THE PROBLEM: Write the records below out again word for word, with the pictures removed.

DATA LISTING:

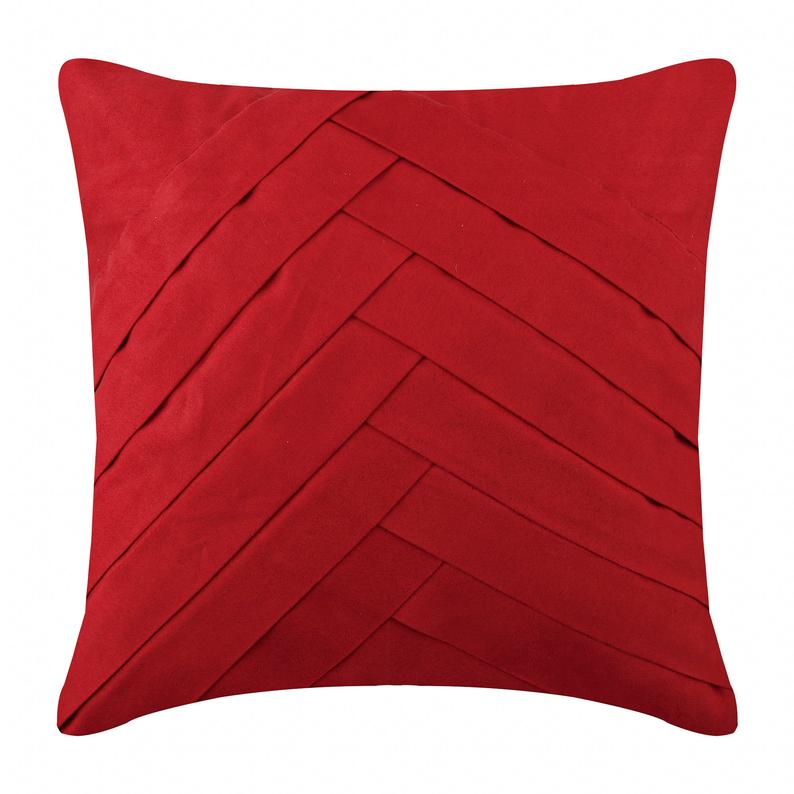 Red No Limits No Lines Pillow Cover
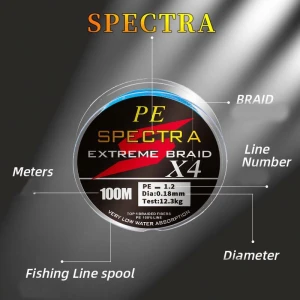 Dalian SKNA Fishing Line Pe spectra line color 10m one color
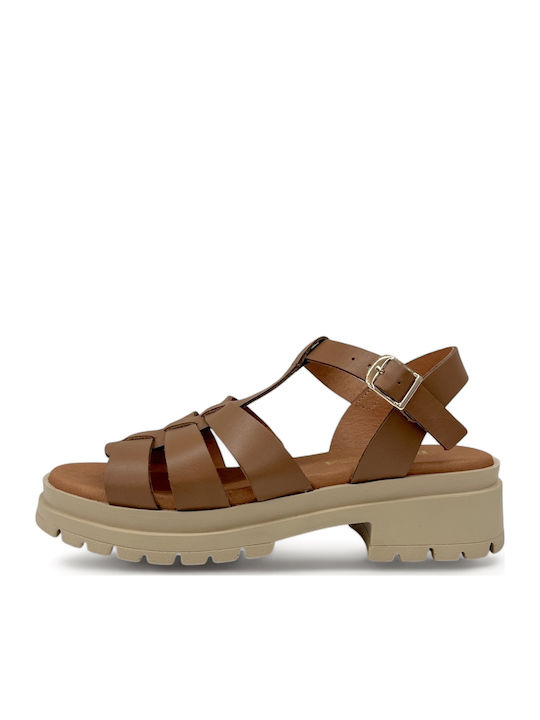 Ragazza Leather Sandals Brown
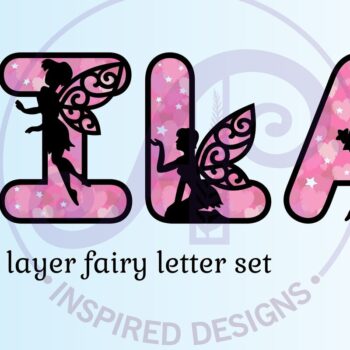 Intra απο ξύλο plywood 3mm-4mm πάχος - Fairy Alphabet Σετ 47 Γραμμάτων Δίασταση 30x20 cm INTRAFABR-69197360 - Image 2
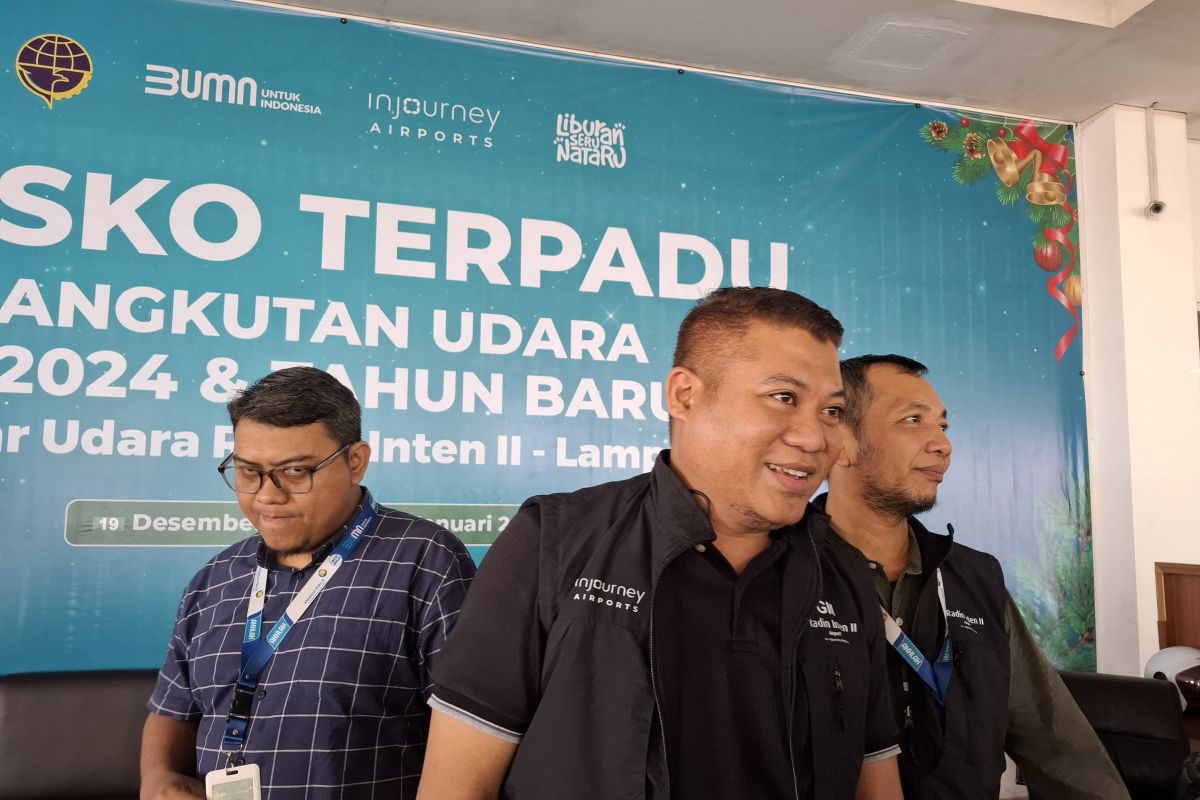 Bandara Radin Inten Lampung layani 1,14 juta penumpang selama 2024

RESULT:
 Red No Limits No Lines Pillow Cover
 Dalian SKNA Fishing Line Pe spectra line color 10m one color
 Ragazza Leather Sandals Brown
 Intra απο ξύλο plywood 3mm-4mm πάχος - Fairy Alphabet Σετ 47 Γραμμάτων Δίασταση 30x20 cm INTRAFABR-69197360 - Image 2
 Bandara Radin Inten Lampung layani 1,14 juta penumpang selama 2024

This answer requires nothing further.